The honorary Oscar is one of several statuettes handed out by the Academy of Motion Picture Arts and Sciences at the Governors Awards in November.
Veteran actress Angela Lansbury, Steve Martin and costume designer Piero Tosi will also be honoured.
The awards "pay tribute to individuals who've made indelible contributions in their respective fields," said Academy president Cheryl Boone Isaacs.
The honorary awards are given out every year in recognition of "extraordinary distinction in lifetime achievement, exceptional contributions to the state of motion picture arts and sciences, or for outstanding service to the Academy".
Boone, who phoned all four recipients individually to inform them of the forthcoming honour, called Martin, 68, "a real Renaissance Man" and deemed 87-year-old Lansbury "one of the finest actresses in our industry".
Lansbury received three Oscar nominations over the course of her career, for her work in Gaslight, The Picture of Dorian Gray and 1962's The Manchurian Candidate, but never won the award.
A gifted stage actress, she also has five Tonys to her name and became a household name in the long-running TV series Murder, She Wrote?.
Writer, actor and comedian Martin remains best known for his early hits such as 1979's The Jerk and Planes, Trains & Automobiles.

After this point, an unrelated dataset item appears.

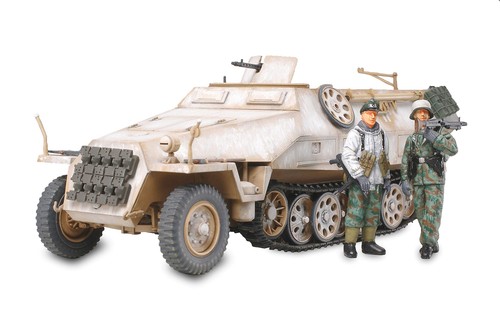 Tamiya 300032564 modellino - tamiya,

He has never been nominated for an Oscar, though he has hosted the award ceremony on three occasions.
Tosi becomes the first costume designer to receive an honorary Oscar.
The 86-year-old Italian has been Oscar-nominated five times, and remains best known in his field for his work on Luchino Visconti's films The Leopard, Death in Venice and Ludwig.
Jolie, the youngest of the four recipients, won an Oscar in 2000 for her career-defining turn in Girl, Interrupted, and was subsequently nominated in 2009, for The Changeling.
A long-serving goodwill ambassador for the United Nations, she became a special envoy for the organisation in 2012.
The role has taken her to refugee camps in more than 30 countries, including Sierra Leone, Darfur, Iraq, Afghanistan and Libya.
Speaking to the Hollywood Reporter, external, Boone lauded Jolie for her "humanitarian efforts, and how she lives her life".
"Her support of humanitarian causes are really to be greatly admired," she added.
It has also been announced that Fifth Estate star Benedict Cumberbatch will be named British Artist of the Year at the Bafta Los Angeles' Britannia Awards on 9 November.
As well as playing Julian Assange in The Fifth Estate, Cumberbatch also starred in Star Trek Into Darkness earlier this summer and will play opposite Meryl Streep in the Oscar-tipped August: Osage Country and returns in the forthcoming Hobbit sequels.
Previous British stars to receive the honour include Daniel Craig, Kate Winslet and Tilda Swinton.